Asserting the state of the server

When creating or modifying Build Plans, you must account for the server’ state when certain steps are executed. To do this, you use the Wait for HPE SA Agent script (also called the Wait step)The script has parameters that are used to assert the state of the server:

  • Using the --maintenance parameter asserts that the target server is in Maintenance mode (running a service OS).
  • Using the --production parameter asserts that the target is in production mode (running a production OS) and has an SA Agent installed with full capabilities.

If the target server is not in the asserted state or if an SA Agent does not report at all, this step fails. This assures that any step after a Wait step can make assumptions about the state of the server.

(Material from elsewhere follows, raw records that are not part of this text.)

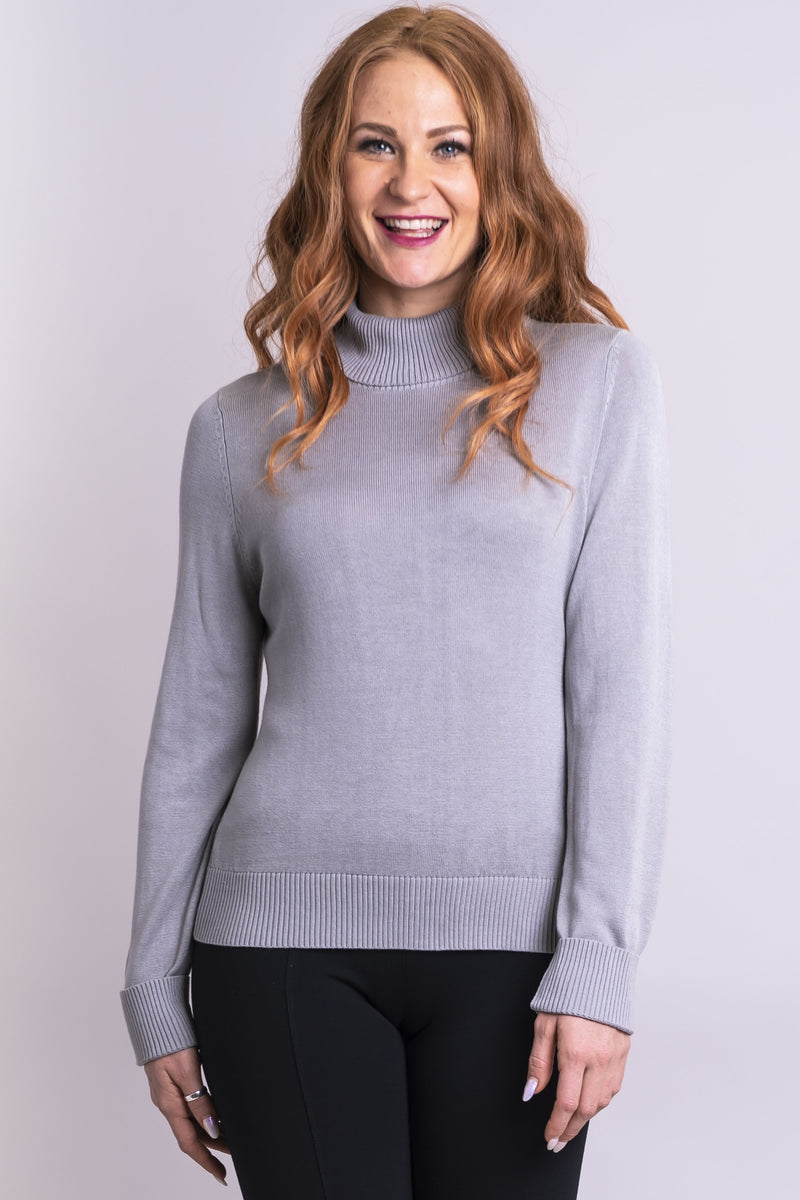 Women's cozy, ice grey long sleeve turtleneck sweater, made of natural bamboo cotton fibers.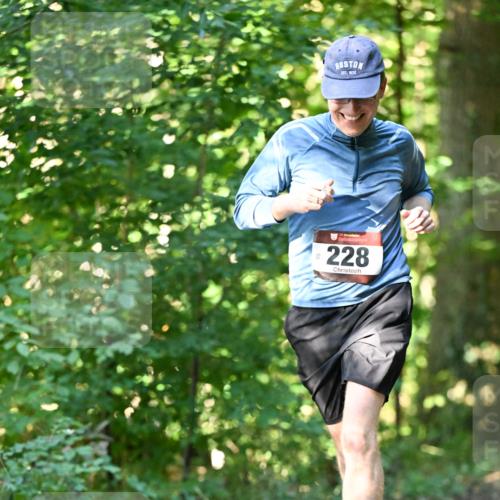 06.10.2024 - Bramfelder Halbmarathon 2024 Dr. Thomas Lammeyer http://msf.ph/oto/7337188 06.10.2024 10:20:09 Laufen 16, 30, 33, 228 meine-sportfotos.de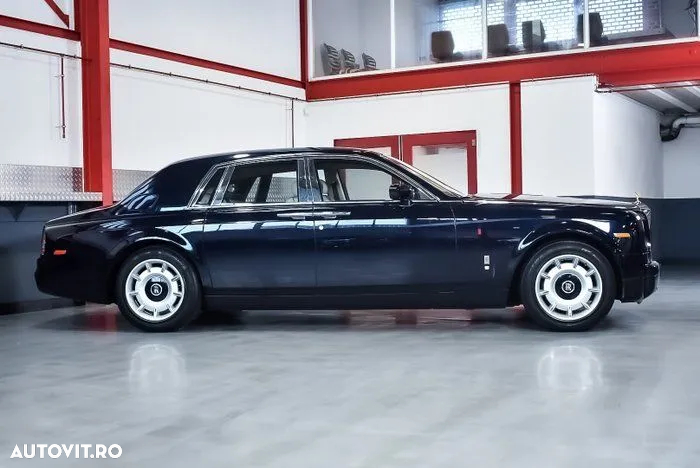 Rolls-Royce Phantom - 6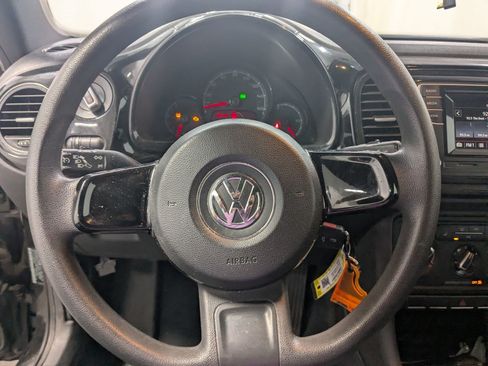 Used 2017 Volkswagen Beetle 1.8T Classic FWD image 13
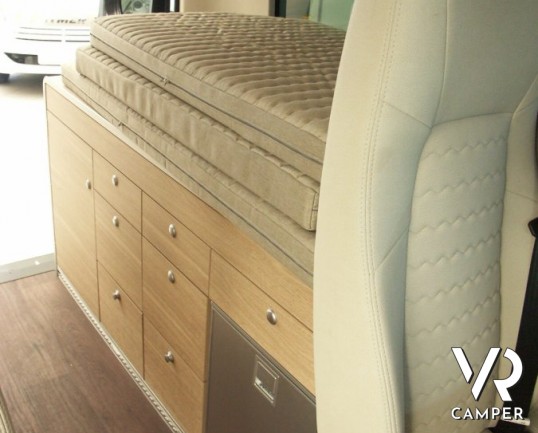 Hymercar Rio: camper puro usato piccolo e compatto per l'utilizzo di tutti i giorni in offerta.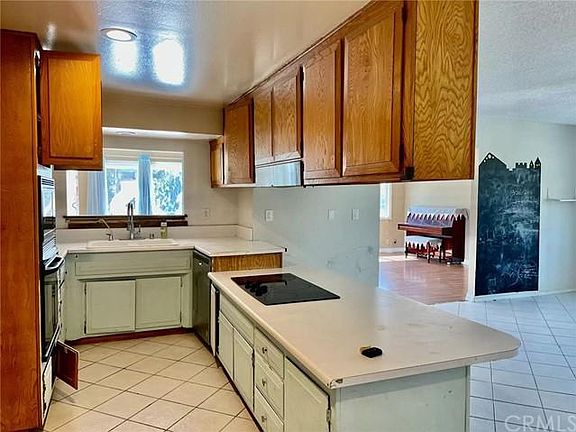 3rd image of 2141 Tierra Loma Dr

For this reason, it is good practice to start Build Plans with a Wait step to assert early that the server is in the right state before executing anything else. The next section describes how to force the desired state of the server.

Change the state of a server

You may often need to have a server reboot from the service OS to the production OS or the reverse. To do this, you can use the Boot and Reboot scripts as Run Script steps.

The Boot step boots the server into a specific service OS. It can make use of all available means to do so. The most generic way to do so requires an SA Agent to be functional on the target server to be able to reboot the server. The boot step configures network booting for this specific server and reboots it to the desired Service OS. Note that this only works if network booting occurs before booting from disk in the server's boot order.

If the target server is an HPE ProLiant with a registered iLO, see iLO support, the step does not require an SA Agent to be present in order to reboot the server, and also is able to configure one-time boot order on the server, so the server's boot order settings are irrelevant.